Yeğen çok olunca denk gelmiş, ikisinin aynı, birinin de bir dün sonraydı doğumgünü; üçüne birden kutlama yapıyorlardı geçen Pazar. Musa'nın annesi pasta yapmış, kızlar da biraz süslemişlerdi evi. Musa çok durmadı, çocukların şamatasından kurtulmak için dışarı attı kendini. Akşam gittiğinde evde yas havası vardı sanki. Anası anlattı altınların kaybolduğunu. Çocuklar, nasıl olduysa, Musa'nın yatak yorgan denklerinin arasında kem gözlerden sakladığı altınları bulmuş, oyuncak para gibi onlarla oynamış, içlerinden biri altınları bozuk para sanıp bakkaldan onlarla şeker almaya kalkışınca adamcağızın haber vermesiyle durum ortaya çıkmıştı. Ne Musa ne de annesi altınların tam sayısını biliyordu ama çocukların ellerinden, ceplerinden ve yerlerden toplananlar azdı, bu kadarcık olmamalıydı Musa'nın birikimi. Evi aramaya girişti burnundan soluyarak, annesi heryeri aradığını söylese de üç beş tane daha buldu. Ama daha fazla olmalıydı. Kapıyı çarpıp çıktı Musa, en yakındakinden başlayıp tüm ablalarının evine uğradı. Her birinde yeğenleri sorguya çekiyor, söylene söylene ceplerini boşalttırıyor, cebinden altın çıkan yeğenlere tokadı basıp küfrediyordu.
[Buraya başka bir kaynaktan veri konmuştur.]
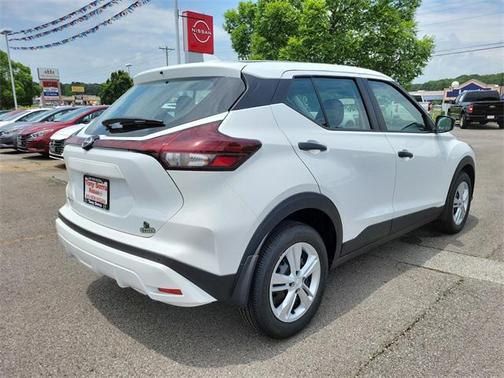 2025 Nissan Kicks S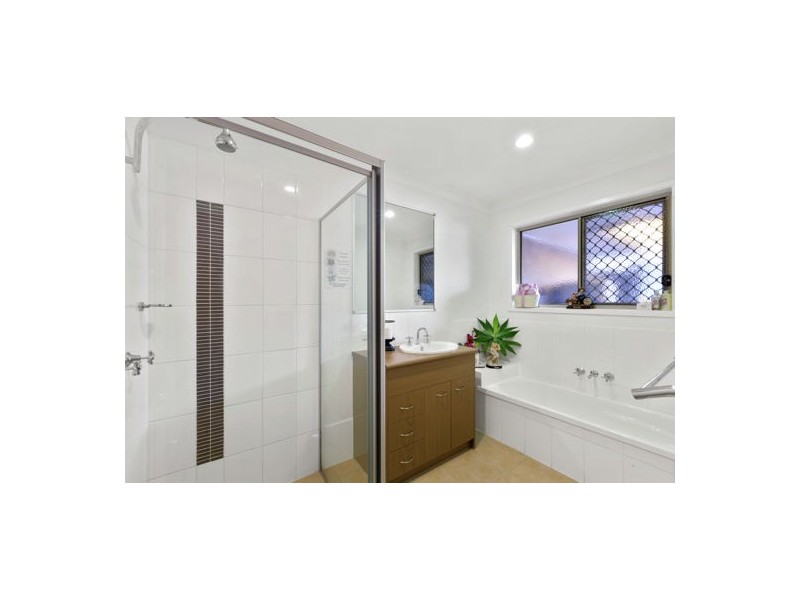 6 Cedarwood Street, Berrinba QLD 4117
Kimse daha önce Musa'yı bu kadar sinirli görmediğinden, O'na bulaşmayıp yaptıklarını sineye çekiyorlardı. Ama son uğradığı ablası Hilal'in evinde öyle olmadı. Musa'nın altı yaşındaki oğluna bağırıp kafasına vurduğunu gören babası Serdar, O'nu tuttuğu gibi önce duvara yapıştırdı, sonra kafa göz demeden girişti. Musa'nın gözleri faltaşı gibi açıldı önce, yaşananlara şaşırdı, sonra yüzü acıdan gerilmiş durumda yere yığıldı. Hilal engel olmaya çalıştıysa da Serdar hiç dinlemedi, ayaklarından sürükleyerek Musa'yı kapıdışarı etti.

Yerden kalkacak hali olmayan Musa bir süre öylece yattı tozun toprağın içinde. Yoldan geçenler yardım önerdi ama hepsini tersledi. Kalkıp eve gitti, "Bu ne hal? Ne oldu oğlum?" diyen anasına yanıt vermeyip, bütün altınları aldığı gibi dışarı fırladı.

Barınağa geldiğinde geceyarısına yakındı. Ben bir kenarda kitap okuyordum; az ilerideyse Yusuf Usta, Ahmet, Mecit ve Adem vardı. Mecit birşeyler anlatıyordu yine. Musa'yı görünce herkes telaşlandı ama O sadece Yusuf Usta'yla konuşmak istiyordu. Yavaşça kalktı Yusuf Usta, elini Musa'nın omuzuna koydu, yürüdüler. Arkalarından bakakaldık, neler olduğunu merak ettik. Bir süre sonra Yusuf Usta yalnız döndü, sorduk ama ne olduğunu anlatmadı, Musa'nın öğüt istediğinden bahsetti sadece. Adem atılıp, öğüdü bize de aktarmasını diledi. Mani gibi bir yanıt verdi Yusuf Usta: "Altı aynıyken toprağın, ne edeceksin altını?"